Tuesday, November 20, 2007

Feds Urge Vigilance on Toy Safety


Despite a record number of recalls this year, potentially dangerous toys remain on store shelves days before the start of the busy holiday shopping season, consumer groups warned Tuesday. Federal regulators, under fire for lax enforcement, urged shoppers to be vigilant.

The Consumer Product Safety Commission has worked closely with Mattel Inc and other manufacturers on recalls of millions of toys tainted with lead and other products, yet two consumer investigations released Tuesday cited possible violations, including sales of toys with small parts that could pose a choking hazard.

"Why is it we are the ones that are getting this information out to parents, and not the government and not the toy companies?" asked Charles Margulis, of the Center for Environmental Health.

In CPSC's annual toy safety message, Nancy Nord, acting head of the CPSC, sought to reassure parents that the agency was doing all it can to remove unsafe toys. She noted the Chinese government recently had signed agreements to help prevent lead-painted toys from reaching the U.S.

"Toys today are undergoing more inspection and more intense scrutiny than ever before," said Nord, citing CPSC's "daily commitment to keeping consumers safe 365 days a year."

Vallese left the door open to the possibility of several more CPSC recalls before year's end, declining to say if most dangerous toys had already been removed from store shelves given the recent spate of toy recalls. "When we find violations, we will announce them," she told The Associated Press.

Joan Lawrence, a vice president of the Toy Industry Association, said more recalls were probable given recent manufacturer retesting of products. "That's why it's so important for consumers to pay attention to recall notices," Lawrence said.

Among the biggest toy hazards cited by CPSC:

_Riding toys, skateboards and inline skates that could cause dangerous falls for children.

_Toys with small parts that can cause choking hazards, particularly for children under age 3.

_Toys with small magnets, particularly for children under age 6, that can cause serious injury or death if the magnets are swallowed.

_Projectile toys such as air rockets, darts and sling slots for older children that can cause eye injuries.

_Chargers and adapters that can pose burn hazards to children.

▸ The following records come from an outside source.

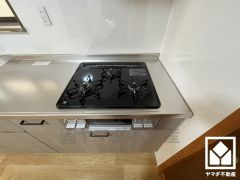 家族のごはん作りがはかどる。同時調理ができる3口コンロ付き。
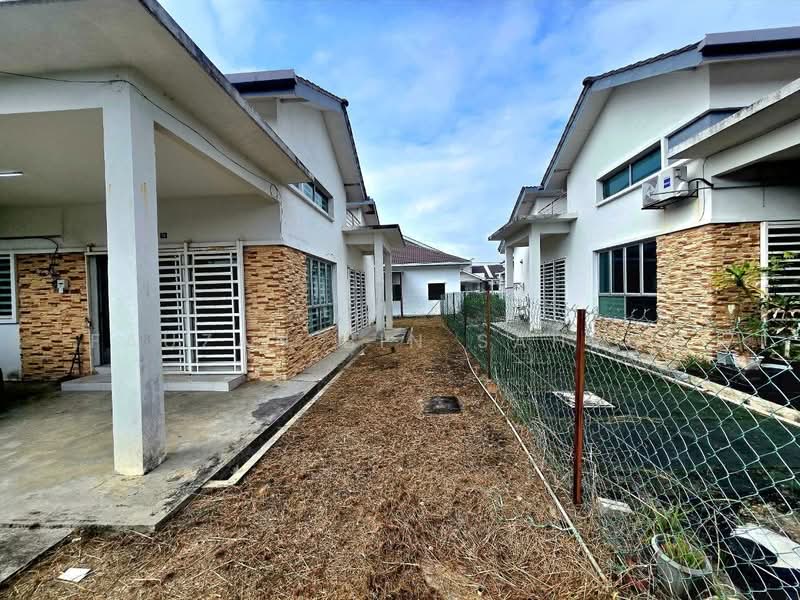 Semi-Detached House for Sale in Taman Intan Baiduri (Sepang) - Fauzan bin Sahrom - PropertyGuru.com.my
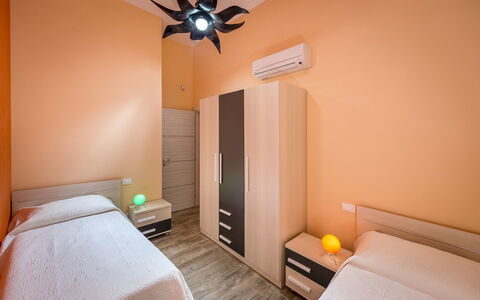 Villa Alcamo: Möbel, Eigentum, Gebäude, Komfort, Holz, Interior Design, Bettrahmen, Beleuchtung, Bett, Orange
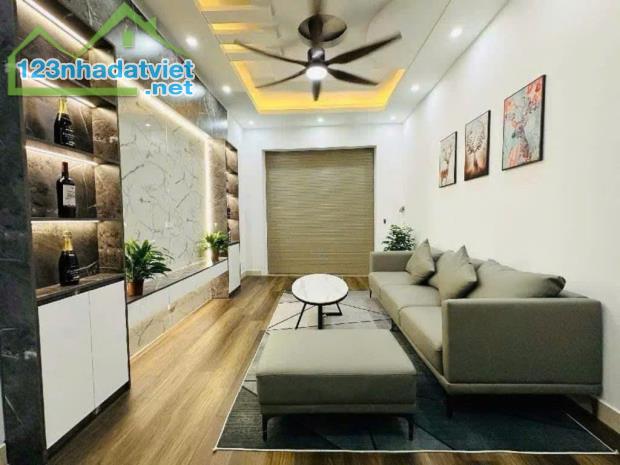 Bán nhà 32m², 5 tầng 4 phòng full nội thất, Minh Khai - Hai Bà Trưng - 5.95 tỷ - 2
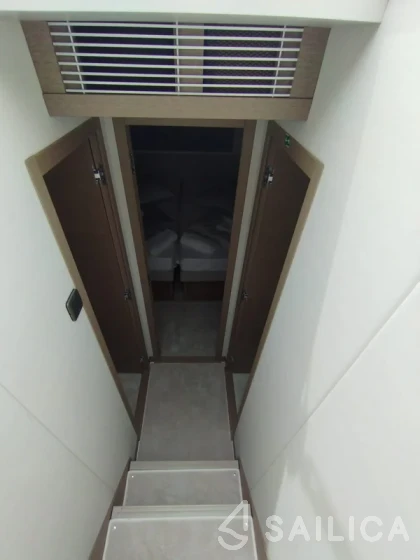 Prestige 520 Flybridge - Yacht Charter Sailica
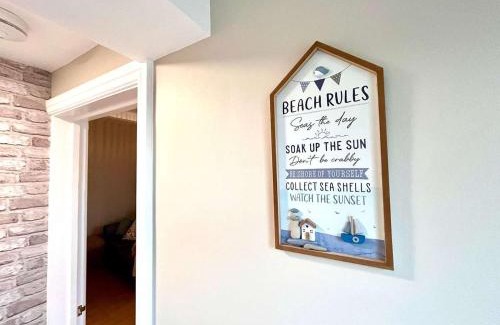 South Hayling Apartment | Seaside Snug by Honeywhite Homes
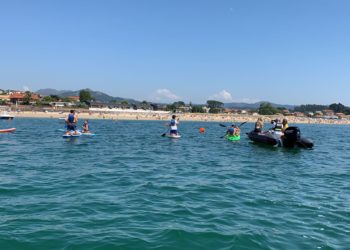 Vive Nigrán propone bautismos de surf, paseos en kayak o rutas por Monteferro, además de música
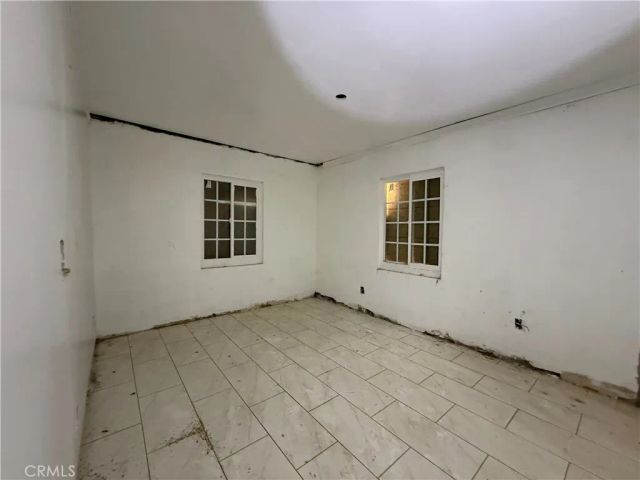 8539 W Avenue L, Lancaster, CA 93536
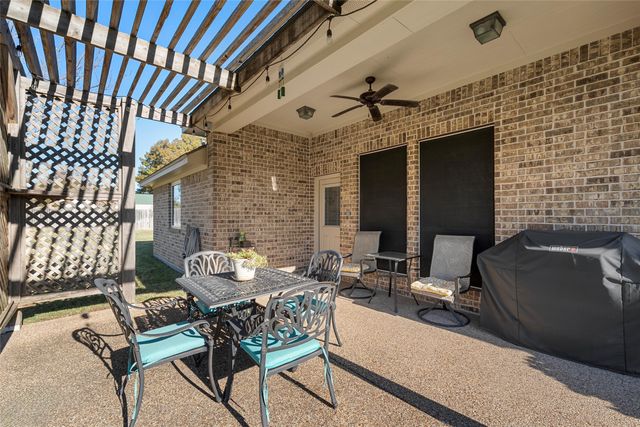 142 Phillip Circle, Hewitt, TX 76643
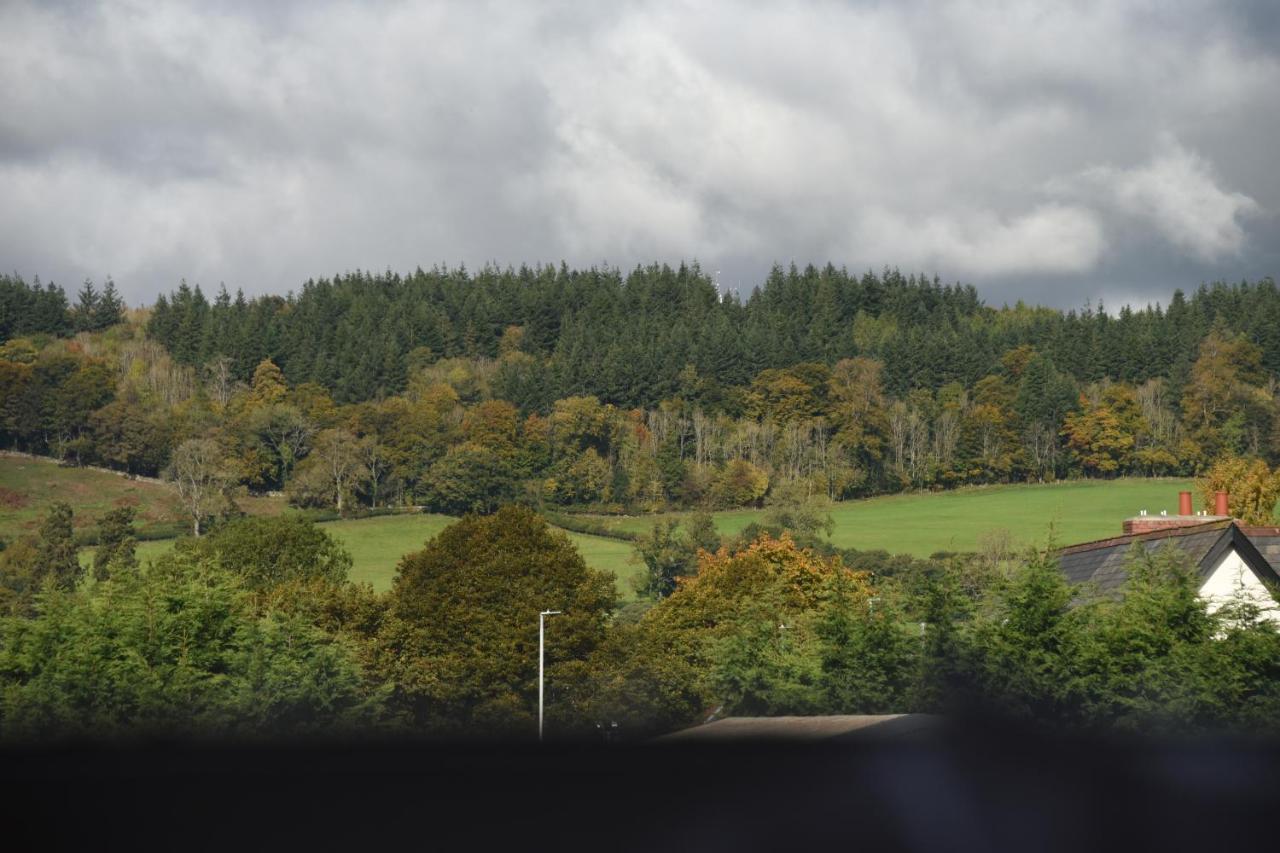 The Llanelwedd Arms Hotel Builth Wells Buitenkant foto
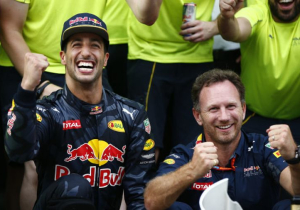 Lights Out: Ricciardo shouldn't leave, Mercedes is crisis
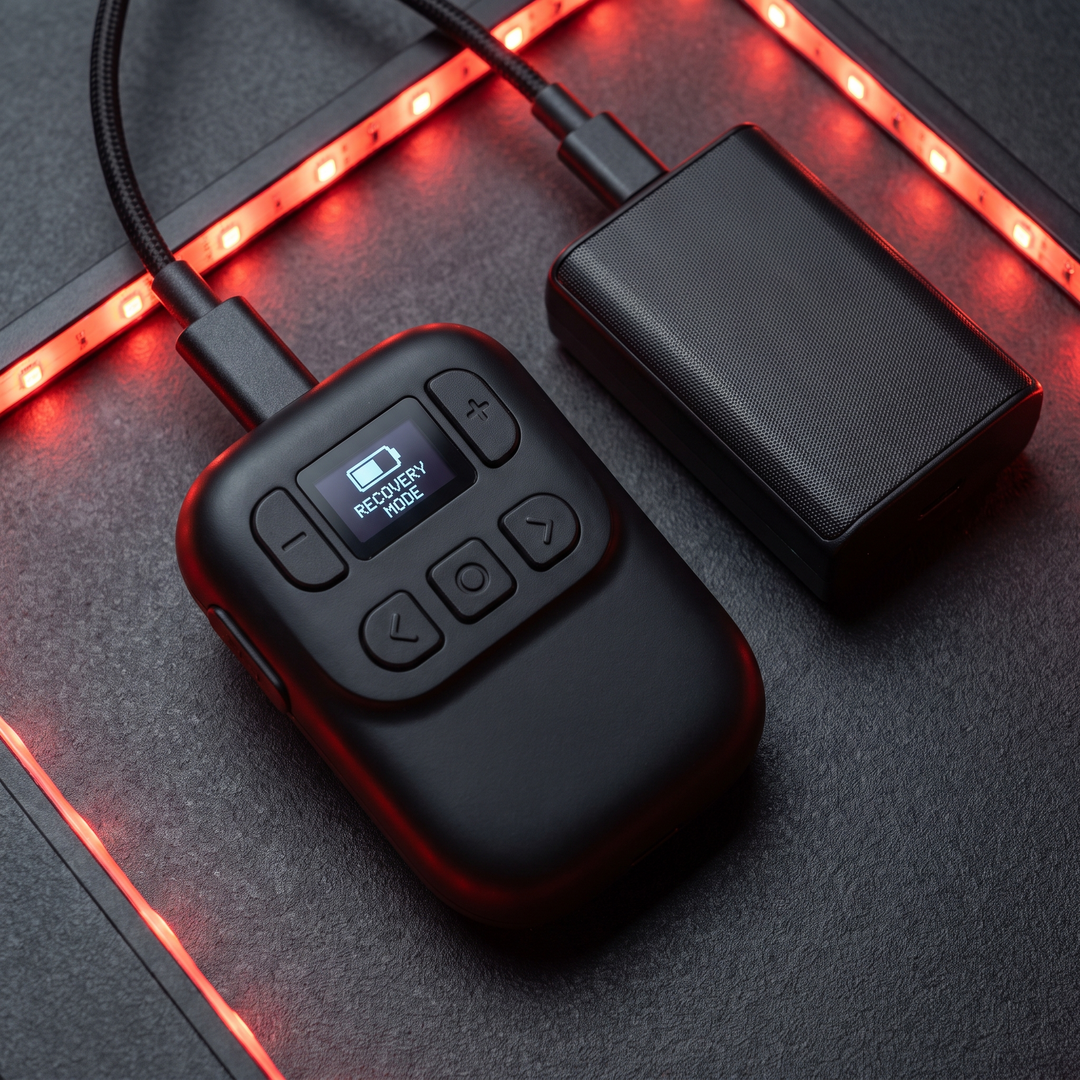 PHYSIOATHLETX Red Light Recovery Belt - controller and battery pack detail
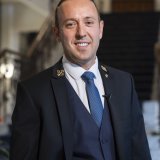 Le quotidien de Mathieu Terisse, assistant chef concierge à l'hòtel Fairmont Le Montreux Palace, peut être être plein d'imprévu, notamment pendant le Montreux Jazz Festival. KEYSTONE/CYRIL ZINGARO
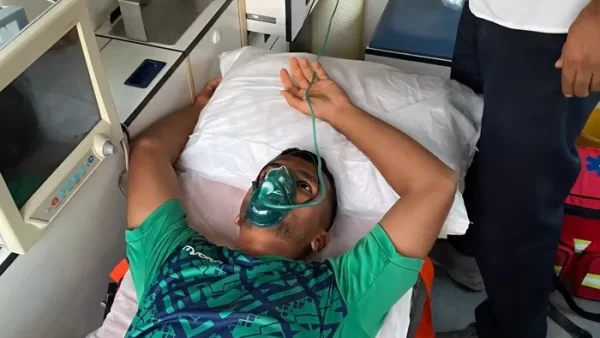 میدان جنگ یا زمین فوتبال؟ /درگیری وحشتناک در زمین بازی + ویدئو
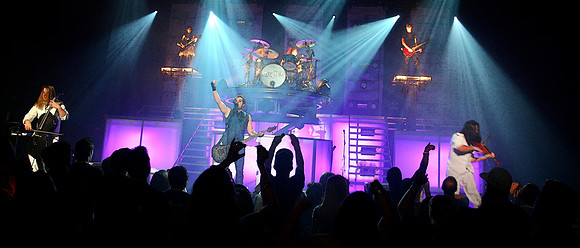 Skillet 2011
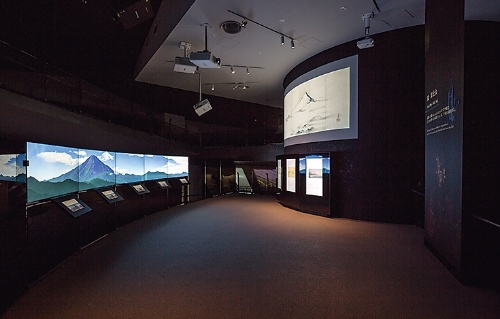 (写真:平井 広行)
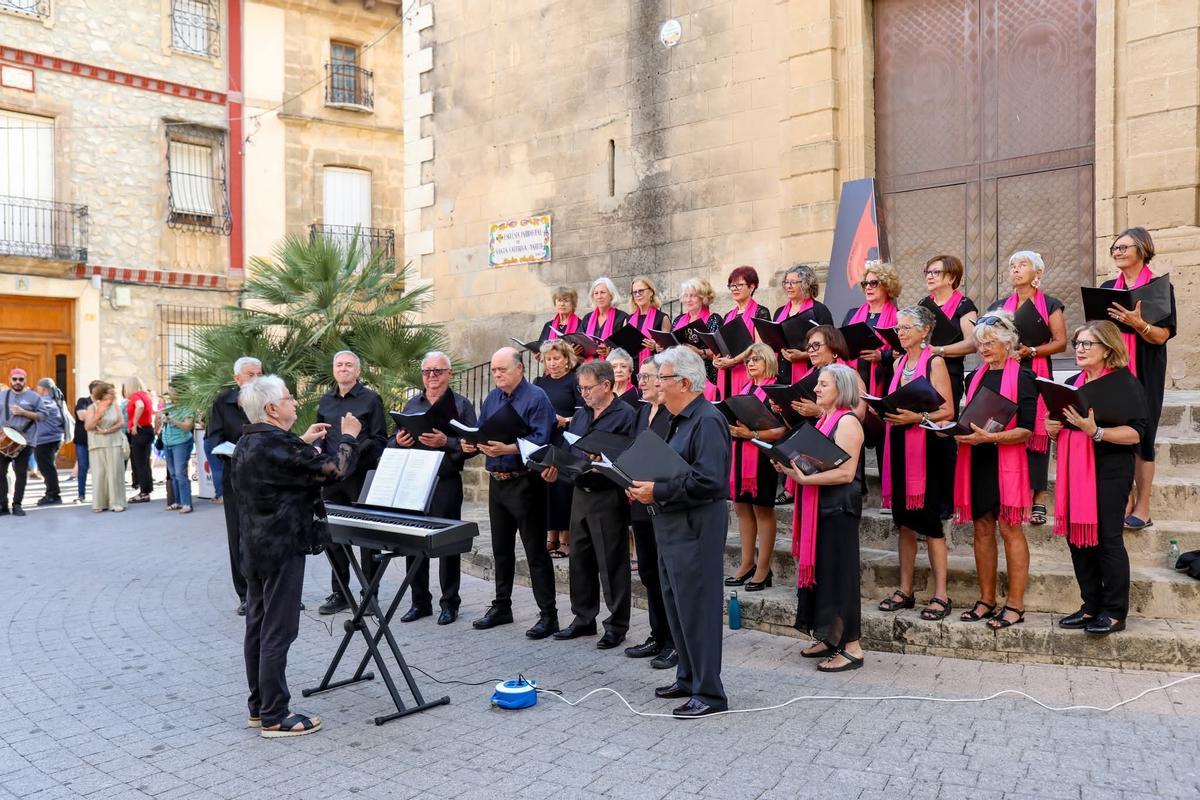 La mejor música coral en el pórtico de la iglesia de Santa Caterina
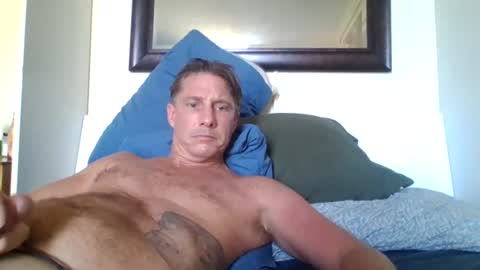 Snapshot of xxxelentdick chatting on August 4, 2:15 am deeeeznutz online show from August 4, 2:15 am
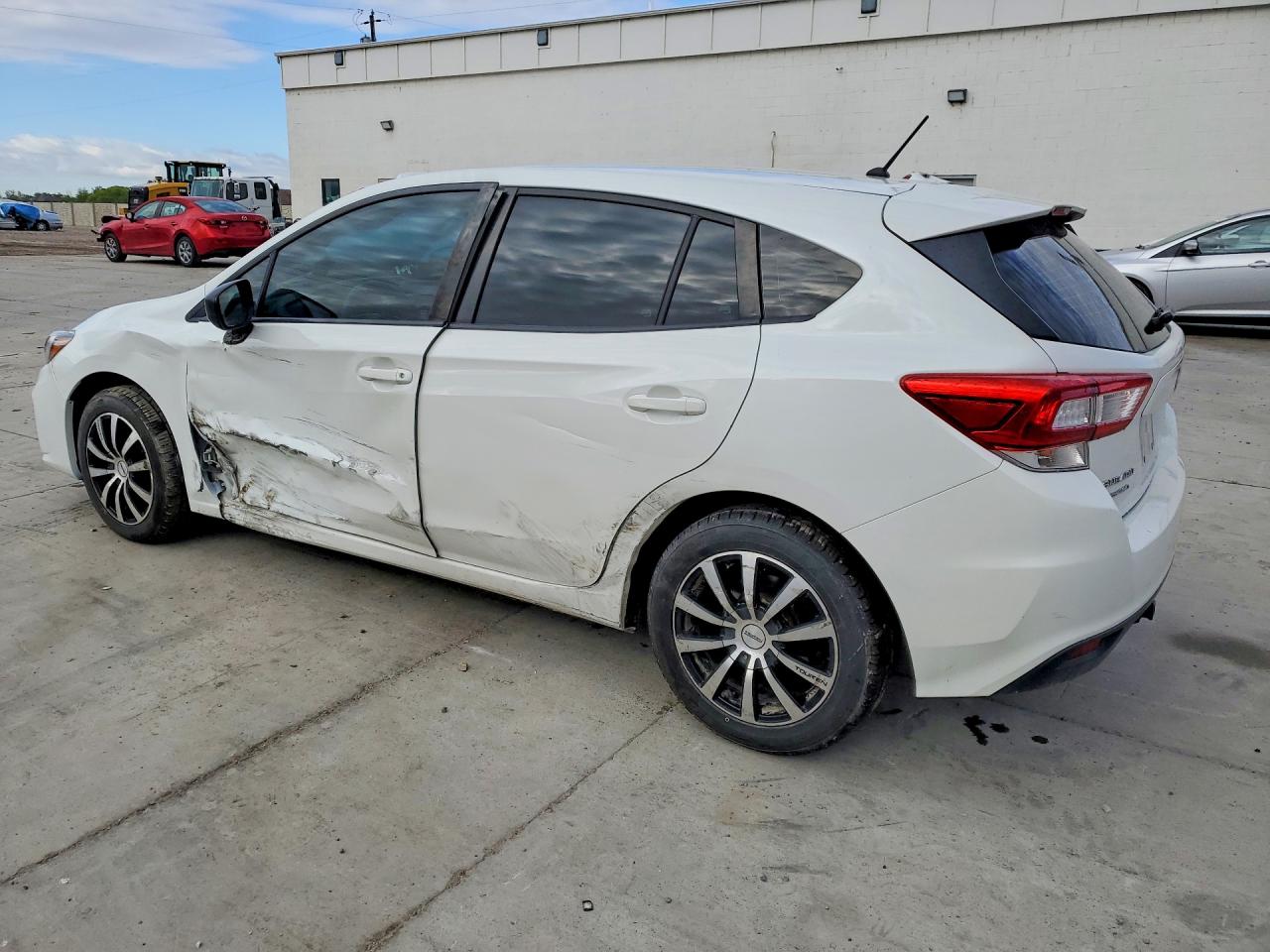 2017 SUBARU IMPREZA photo 3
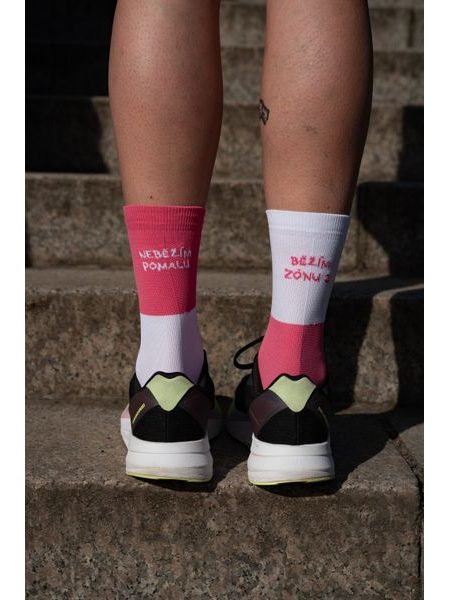 Ponožky na kolo Kolo je Neběžím pomalu, běžím zónu 2 - růžová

The series of announcements Tuesday, coming three days before the start of the busy shopping season, helped cap a year of harsh congressional criticism of CPSC enforcement following a number of recalls involving millions of lead-tainted toys and other products - the highest number of recalls ever due to product defects. The agency's staff has dropped from almost 800 employees in 1974 to an all-time low of about 400 employees now.

Both the House and Senate are now considering legislation to overhaul the product safety system by substantially increasing CPSC's budget, raising the cap on civil penalties for violations and giving the CPSC authority to provide quicker notice to the public of potentially dangerous products.

The measures also seek to ban officials at federal regulating agencies from taking trips financed by industries they oversee. Both Nord and her predecessor as chairman, Hal Stratton, accepted free trips worth thousands of dollars at industry expense.

In its 57-page annual survey released Tuesday, U.S. PIRG agreed that toys with small magnets as well as small parts that pose choking hazards create significant risks.

Between 1990 and 2005, at least 166 children choked to death on children's products, accounting for more than half of all toy-related deaths at a rate of about 10 deaths per year, the group said. Several times this year potentially dangerous toys were sold without the required warning labels of possible choking risks while the CPSC also has been slow to issue public warnings, U.S. PIRG said.

"The Consumer Product Safety Commission is a little agency with a big job it simply cannot do," said Ed Mierzwinski, the group's consumer program director. "Congress must give it the tools it needs to do that big job better."

In a four-day investigation of toys it purchased at stores such as Target Corp, Wal-Mart Stores Inc and The Disney Store, the Center for Environmental Health found that 9 out of the 100 toys it purchased had high lead levels of 900 parts per million or more.

Another six toys had levels higher than 100 parts per million, the approximate trace level that some consumer groups would like to see as the limit whether in paint, coatings or any toys, jewelry or other products used by children under 12.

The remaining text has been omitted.